Жанр фантазии: от Жана-Поля и Нерваля к Маяковскому
Хрестоматийное “Необычайное приключение…” В. Маяковского (1920) имеет простой сюжет: повествователь жалуется на рутину, тогда как Солнце утверждает самим своим присутствием, что его работа гораздо однообразнее: Солнце явно сменить работу не может. Поэтому общим выводом для участников воображаемого разговора оказывается общий энтузиазм, готовность сиять, а не работать в тени рутины и жалоб.

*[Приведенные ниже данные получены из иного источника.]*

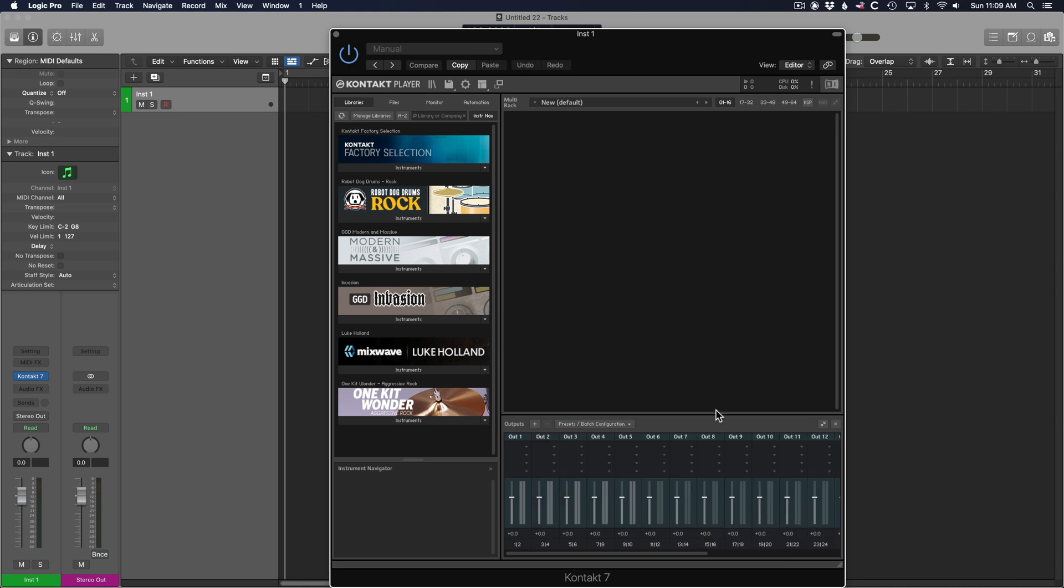You definitely want to choose a stereo configuration because Contact sometimes crashes with mono outputs. Once you have these 16 outputs in the output panel, you can now open up your Contact instrument. Make sure you do configure those outputs first before you load the instrument, or those outputs might not be available until you close and reload the instrument.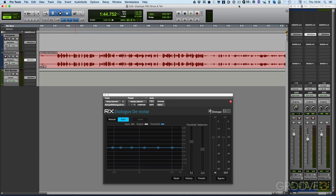In this video I'm going to show you how we can use the Dialog Denoiser module as a zero latency plugin within your DAW, in this case Pro Tools.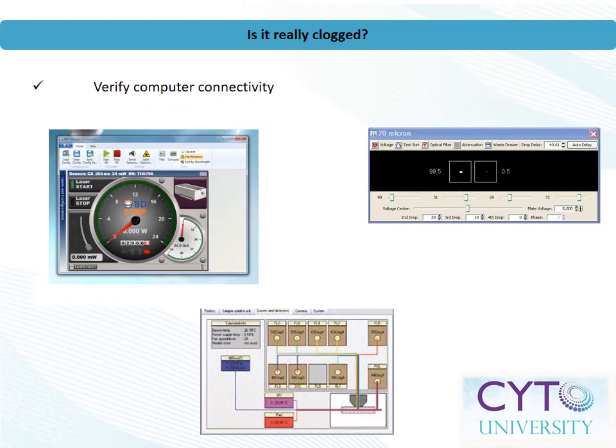Verify that all lasers are on and that the delays are accurate. For open systems, this can be checked visually — always remember to follow proper laser safety procedures. On other systems, there may be software-based indicators, such as the two examples shown here. For multi-laser systems, consider triggering off of other lasers besides the primary laser in order to determine functionality.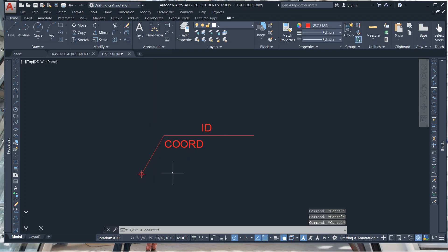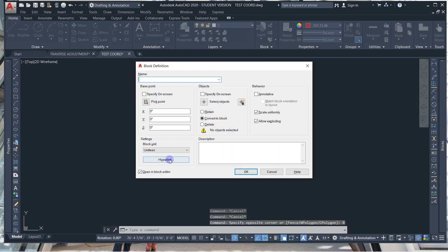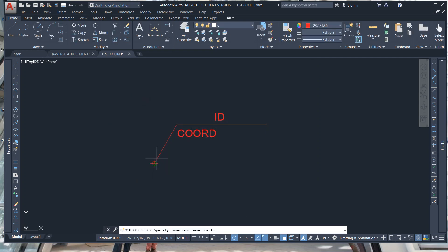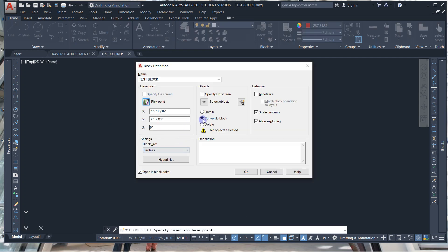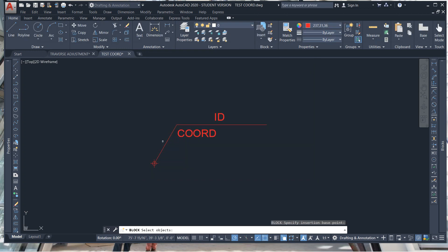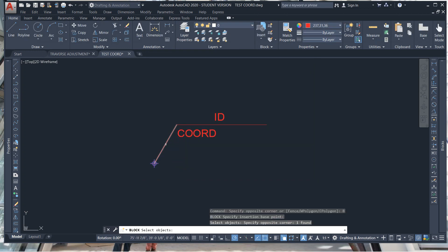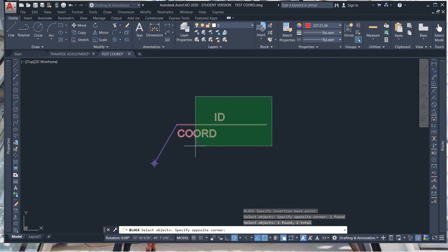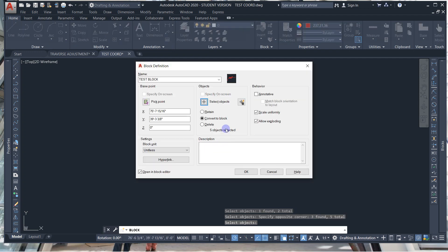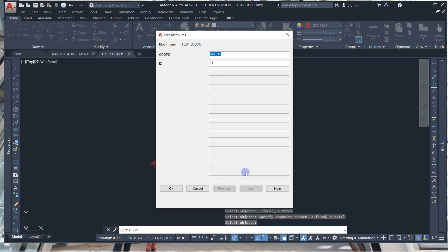Now we're going to create the block. Type B enter. You're going to name it 'test block' and pick a point. Select the objects — select them in order from right to left: one, two, and three. Hit enter. Then we'll go to Block Editor.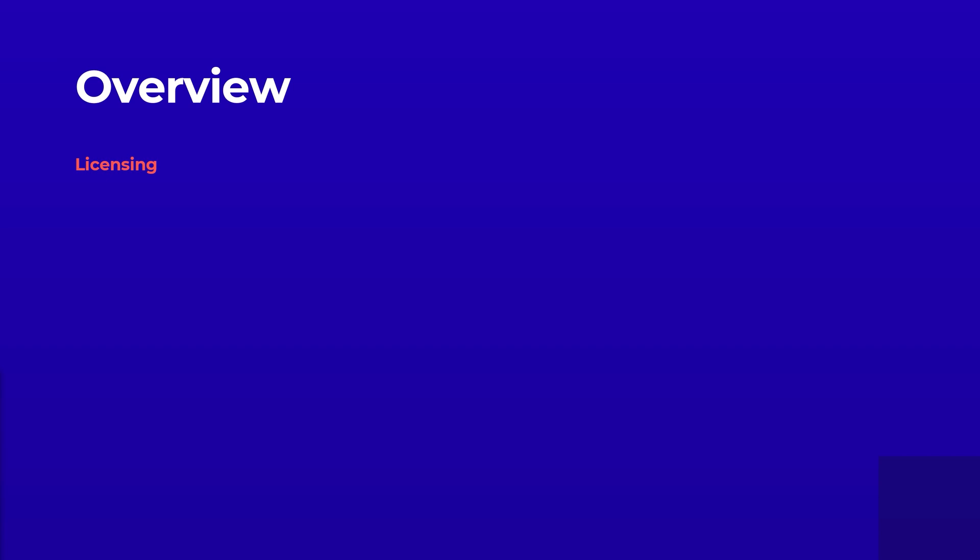Published dashboards in Squared Up can be accessed by anyone that logs in, which consumes a named user licence, and you can create an unlimited number of dashboards.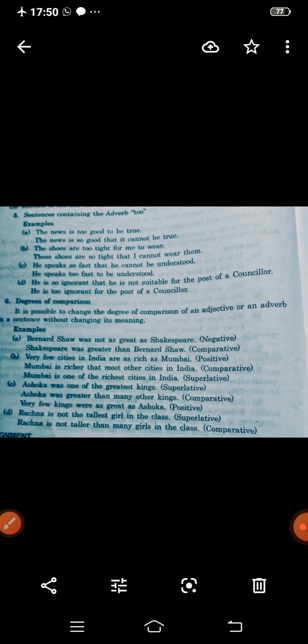'Rachna is not the tallest girl in the class' — superlative. Change into comparative: 'Rachna is not taller than many girls in the class.' With the help of degrees of comparison we can change sentences — negative to comparative, comparative to positive, positive to superlative — without affecting the actual meaning.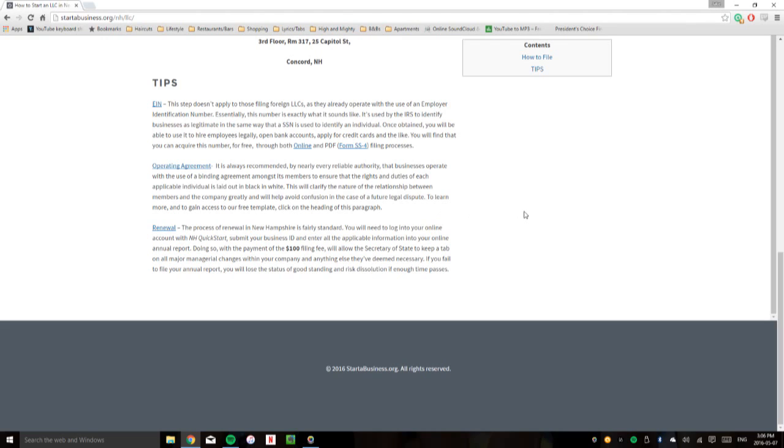Finally, renewal. Every entity, whether it's LLC or partnership or corporation, needs to renew each year through the filing of an annual report. This is fairly standard.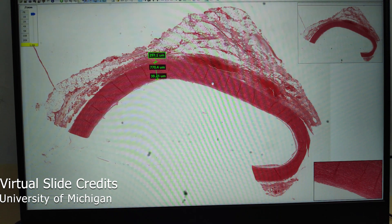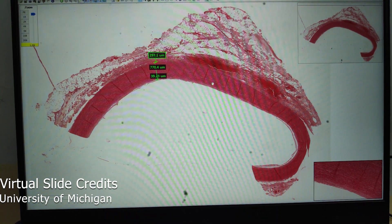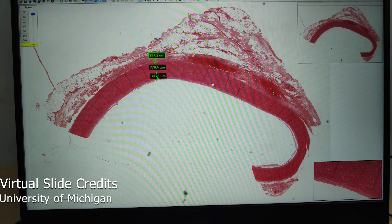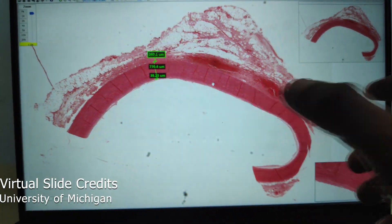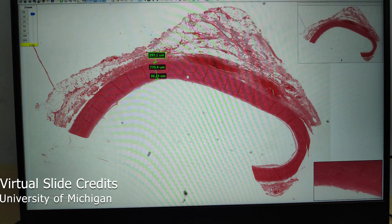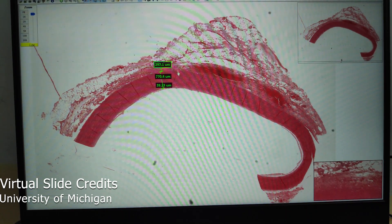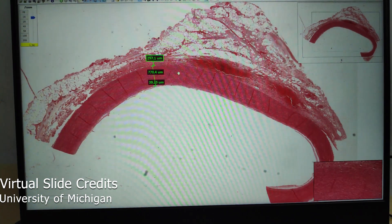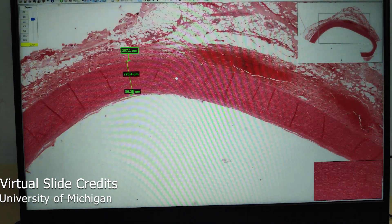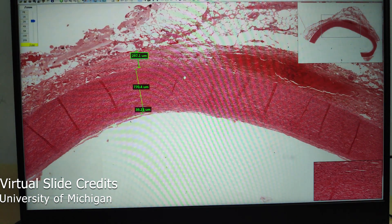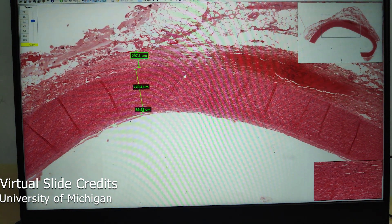This is a virtual slide of a large artery, also called an elastic artery. By large artery, we mean an artery with a caliber of more than 10 millimeters, or one centimeter. We will look into the layers, because as I mentioned initially, it is by the proportion of the layers that we can determine whether it is an artery or a vein.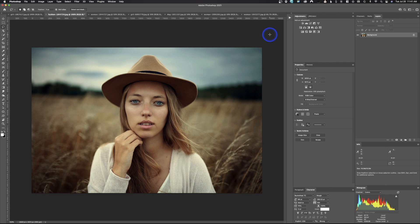We have this image here and it's a little bit dark, but this was toned by the photographer to be a little bit dark. I don't actually have a problem with the way this image is toned — it's just going to work really well for this tutorial.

Вроде бы, воображаемый разговор построен на простых аналогиях: рутинная работа как тень, Солнце с его постоянным движением — упрек в недостаточном трудолюбии, Солнце как гость — экстаз от работы, который заставляет пережить работу не как повторяемый ритм, но как особое веселье, за “чаем с вареньем”. Получается, что в основе стихотворения лежит своеобразное кончетто: солнце в смене дня и ночи, заходя и вновь восходя, погружает мир в депрессивную тьму, и только некалендарное переживание солнца как милости может вернуть энтузиазм.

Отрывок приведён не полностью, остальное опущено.